GOAL OF THE EXERCISE:
In the records below, find the line containing "Sundek Synthetic Swim" and transcribe it and every line after it exactly; leave the pictures out.

(THE INPUT)

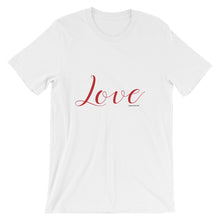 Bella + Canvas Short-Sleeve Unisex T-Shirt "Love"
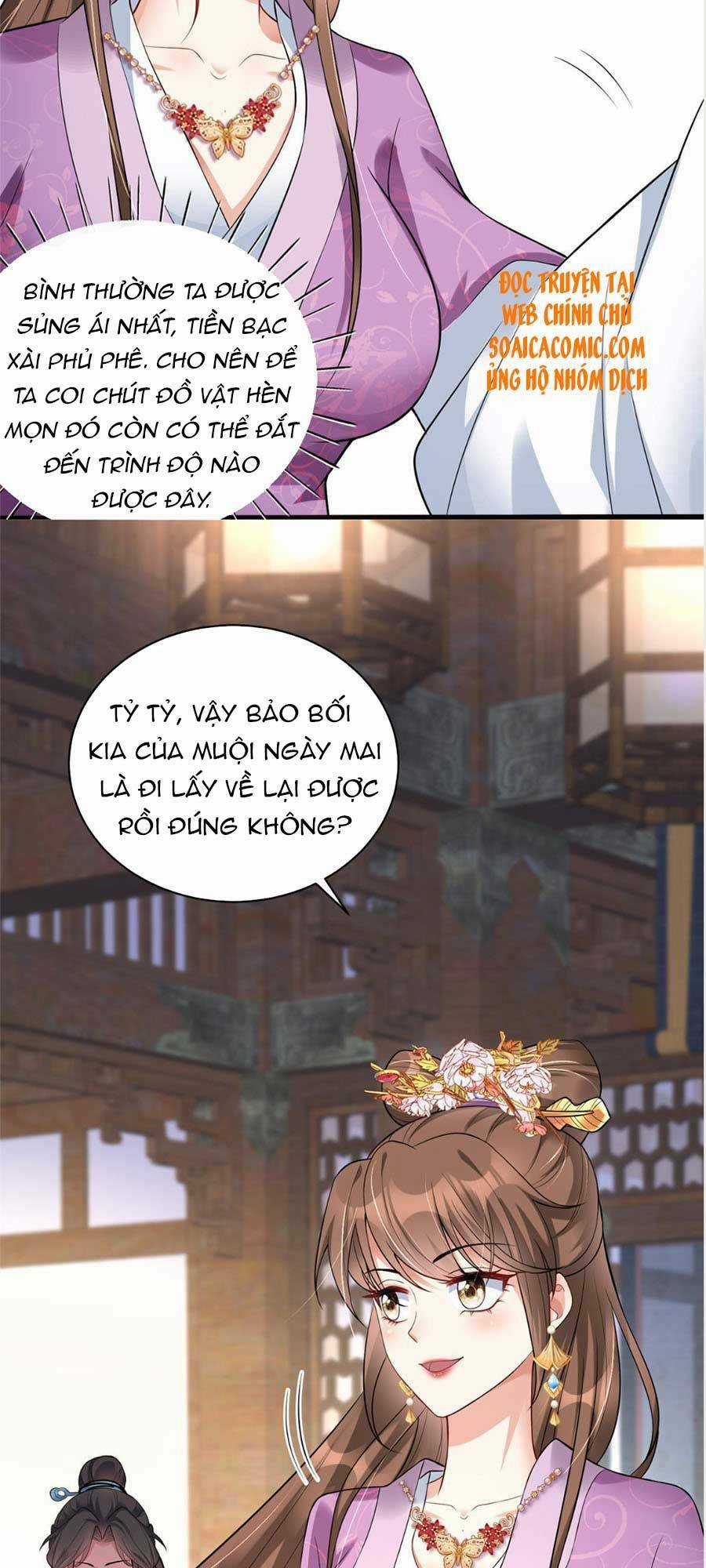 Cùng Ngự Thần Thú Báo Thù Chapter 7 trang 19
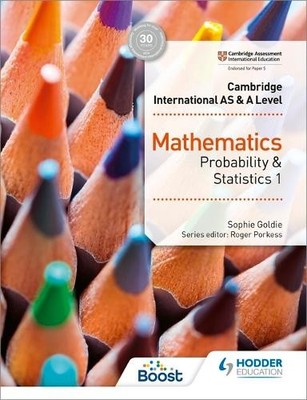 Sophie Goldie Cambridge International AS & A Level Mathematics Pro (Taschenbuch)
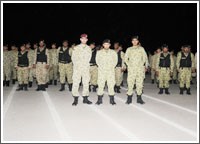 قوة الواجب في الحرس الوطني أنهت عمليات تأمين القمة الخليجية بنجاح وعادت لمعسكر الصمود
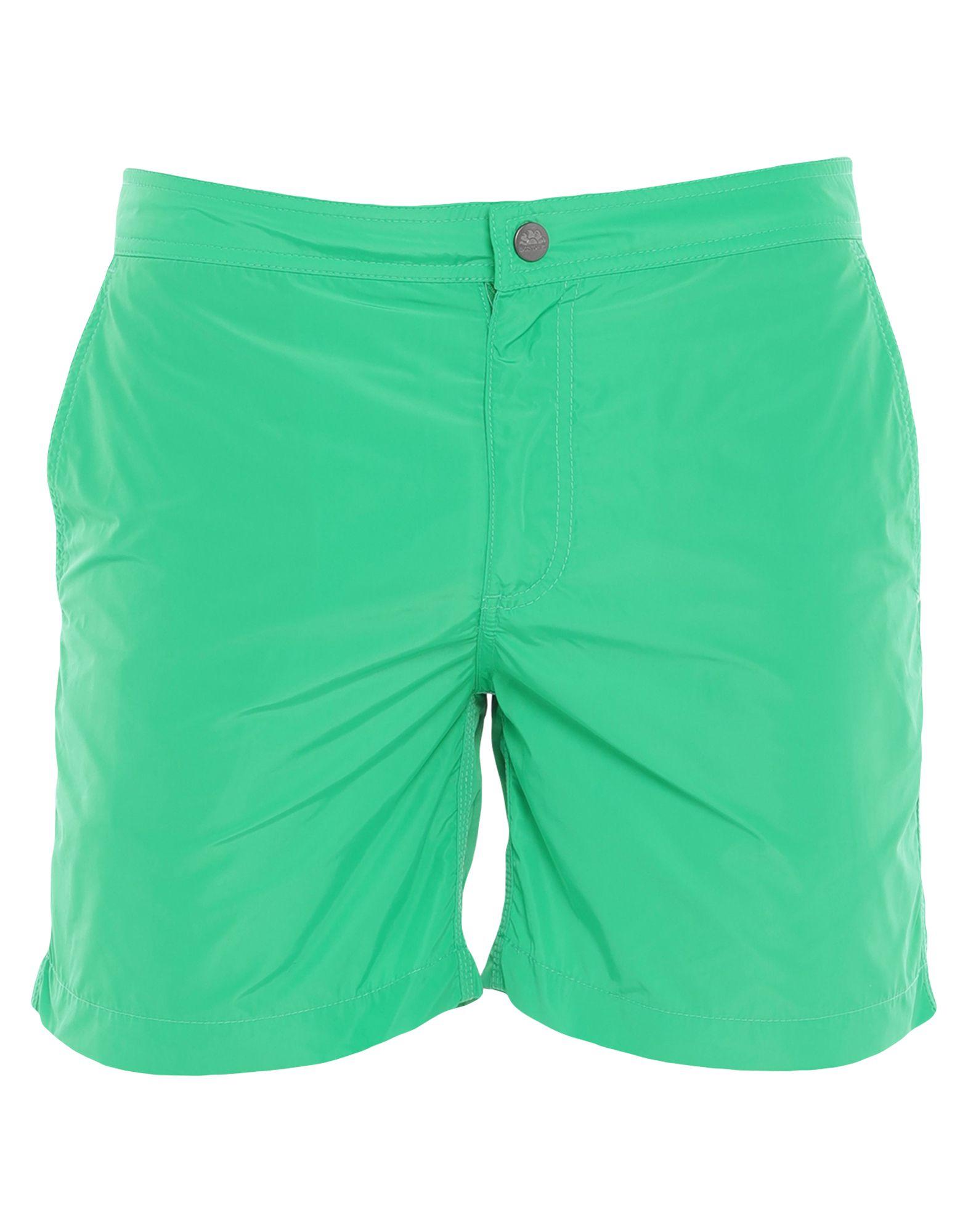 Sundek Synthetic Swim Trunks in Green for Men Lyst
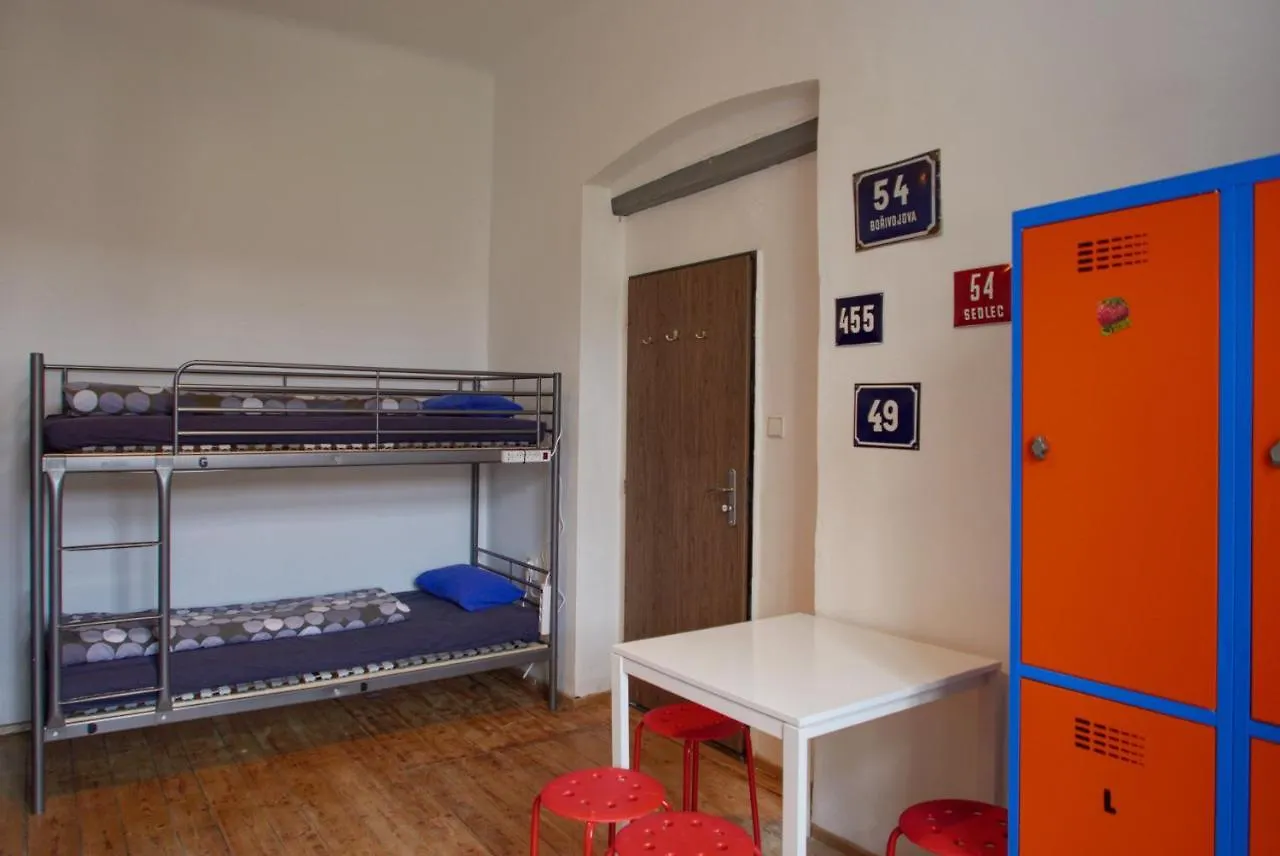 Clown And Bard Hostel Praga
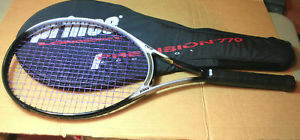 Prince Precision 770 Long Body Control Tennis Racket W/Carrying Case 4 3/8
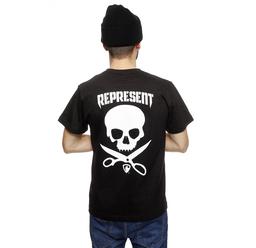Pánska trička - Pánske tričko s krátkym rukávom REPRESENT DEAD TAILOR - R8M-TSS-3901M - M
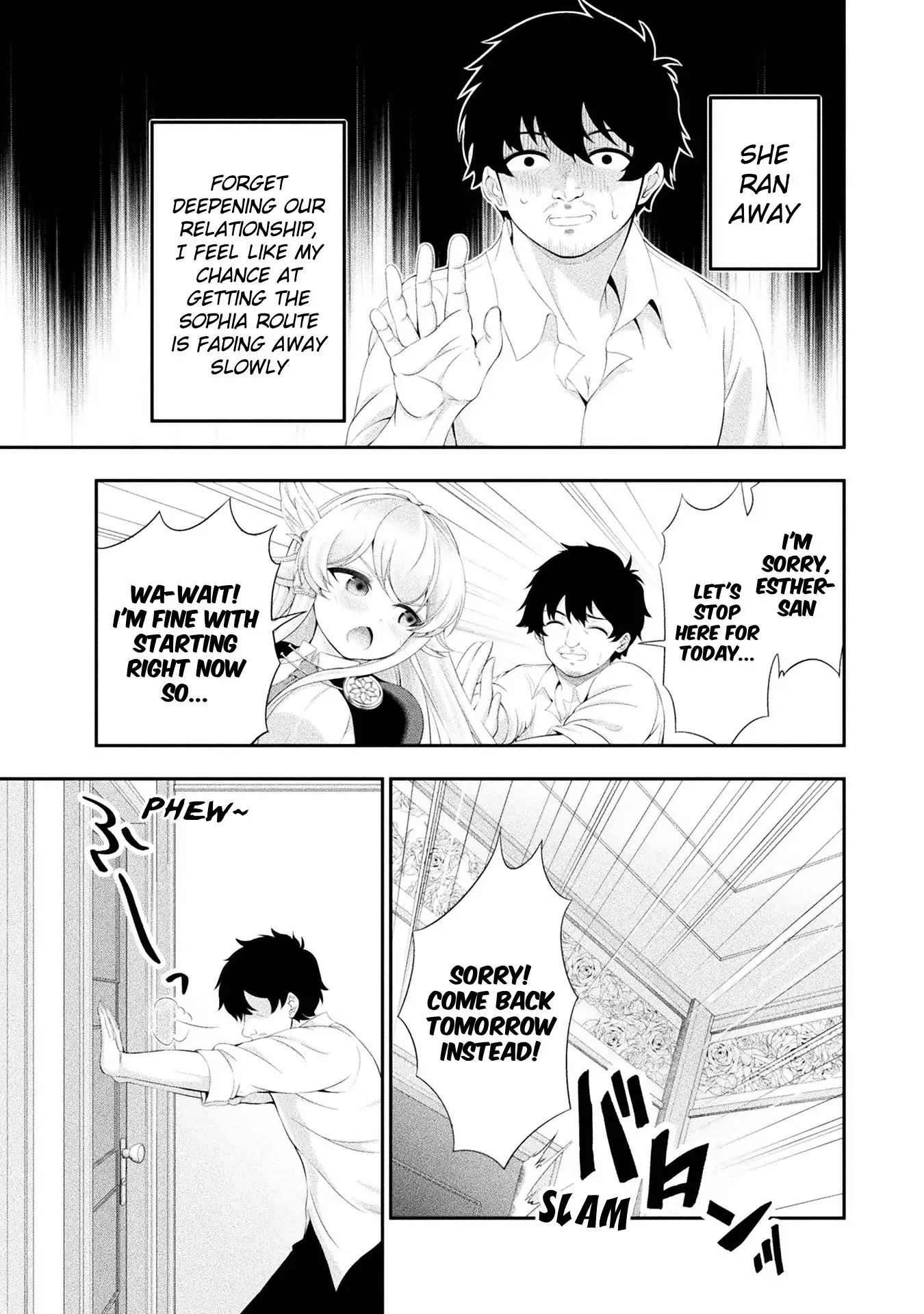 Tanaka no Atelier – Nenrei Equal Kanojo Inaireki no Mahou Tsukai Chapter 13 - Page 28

(End THE INPUT)

SOLVED PROBLEM:
 Sundek Synthetic Swim Trunks in Green for Men Lyst
 Clown And Bard Hostel Praga
 Prince Precision 770 Long Body Control Tennis Racket W/Carrying Case 4 3/8
Pánska trička - Pánske tričko s krátkym rukávom REPRESENT DEAD TAILOR - R8M-TSS-3901M - M
 Tanaka no Atelier – Nenrei Equal Kanojo Inaireki no Mahou Tsukai Chapter 13 - Page 28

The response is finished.